**Supplied records**:
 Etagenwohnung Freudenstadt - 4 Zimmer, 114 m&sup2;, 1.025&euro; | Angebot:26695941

...

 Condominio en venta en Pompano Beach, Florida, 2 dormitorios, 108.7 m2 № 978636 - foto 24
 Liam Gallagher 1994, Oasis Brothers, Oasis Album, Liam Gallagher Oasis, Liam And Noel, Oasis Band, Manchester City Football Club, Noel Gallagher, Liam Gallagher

**Your goal**:
Taking the line with "Condominio en venta" as the first and the line with "Liam Gallagher 1994, Oasis" as the last, retype that stretch of the data above exactly, with no other lines.

**Solution to the exercise**:
 Condominio en venta en Pompano Beach, Florida, 2 dormitorios, 108.7 m2 № 978636 - foto 24
 Liam Gallagher 1994, Oasis Brothers, Oasis Album, Liam Gallagher Oasis, Liam And Noel, Oasis Band, Manchester City Football Club, Noel Gallagher, Liam Gallagher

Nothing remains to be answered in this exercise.